Jeremy Grantham’s Road to Zero Growth

By on November 21, 2012

Jeremy Grantham - GMOThe latest quarterly letter by GMO’s Jeremy Grantham was released this week. He paints a very grim picture for future economic growth in the U. S. stating, “The U.S. GDP growth rate that we have become accustomed to for over a hundred years – in excess of 3% a year – is not just hiding behind temporary setbacks. It is gone forever.” Grantham sees long-term GDP growth gradually winding down to 1% annually in the U. S.; a sobering assessment for stock market bulls.

Grantham lays much of the blame on the lame growth prospects to the rising cost of resources:

Resource costs have been rising, conservatively, at 7% a year since 2000. If this is maintained in a world growing at under 4% and a developed world at under 1.5% it is easy to see how the squeeze will intensify.

Grantham takes a jab at Ben Bernanke (rightfully so):

Investors should be wary of a Fed whose policy is premised on the idea that 3% growth for the U.S. is normal. Remember, it is led by a guy who couldn’t see a 1-in-1200-year housing bubble! Keeping rates down until productivity surges above its last 30-year average or until American fertility rates leap upwards could be a very long wait!

Grantham also believes demographics will play a role in the growth rate decline as numbers of workers entering the workforce gradually diminish and female labor force participation growth stalls out further.

Grantham expounds on economic consultant Andrew Smither’s notion of the “Bonus Culture,” in which companies, instead of engaging in capital expenditures to gain market share, resort to purchasing their own stock. He conservatively reckons this factor will reduce growth by 0.2% per year.
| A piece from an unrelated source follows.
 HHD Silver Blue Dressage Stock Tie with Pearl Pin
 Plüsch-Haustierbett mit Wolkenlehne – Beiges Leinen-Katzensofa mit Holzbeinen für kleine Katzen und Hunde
Grantham’s letter is 16 pages long and chock full of interesting observations including his expectations for service versus manufacturing sector productivity growth, the prospects for the unemployed, his hopes for a monumental reduction in the monetary and environmental cost of basic ground transportation via technological innovation, and his concerns regarding global climate change.